College of Medicine receives a flood of applications

For more than a decade, the FIU community united behind one idea: South Florida needed a public medical school and FIU was best suited to fill that need. Earlier this year, faculty, staff, students, alumni and supporters celebrated the College of Medicine’s preliminary accreditation. Recruitment began immediately. The future of the program was now in the hands of students in search of medical education. Would they apply at FIU? Who would they be? Where would they come from?

The verdict is in. Although only 40 students will be admitted into the inaugural class, more than 1,000 students have applied in the first month. Half of the applicants are from Florida and a quarter of the total applicants are South Florida residents. Candidates include students from all the Ivy League schools.

“I am delighted with the number of applications we have received and the caliber of students who are applying,” said Dr. John Rock, founding dean of the College of Medicine. “This bodes well for the quality of students who will make up our inaugural class and the first-rate doctors who will graduate from our College of Medicine.”

Currently, Florida imports 80 percent of its doctors. FIU hopes to change that by graduating the next generation of doctors who will practice in the area. To meet this goal, the admissions committee will interview the top prospects in search of students who are sensitive to the needs of South Florida’s underserved communities.

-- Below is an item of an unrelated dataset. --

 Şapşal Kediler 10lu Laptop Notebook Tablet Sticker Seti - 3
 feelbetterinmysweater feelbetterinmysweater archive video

“We are changing the way doctors are trained in our country,” said Dr. Sanford Markham, executive associate dean of student affairs for the College of Medicine. “We want students who share our vision.”

The College of Medicine is developing a neighborhood-based curriculum, NeighborhoodHELP (Health Education Learning Program) that reflects an innovative, 21st century approach to health care and medical education. In their second year, medical students will go out into the community to offer their services to families who would otherwise receive no or poor medical attention. They will follow members of the households for four years to track their health and bare witness to the complexities of medical care for the uninsured and under-insured (Florida leads the nation in uninsured adults).

The faculty’s vision is clear. The foundation for the College of Medicine has been set. Now medical students from across the country are standing in line to get in.

Acceptance letters will begin going out in October. Classes start in the fall of 2009.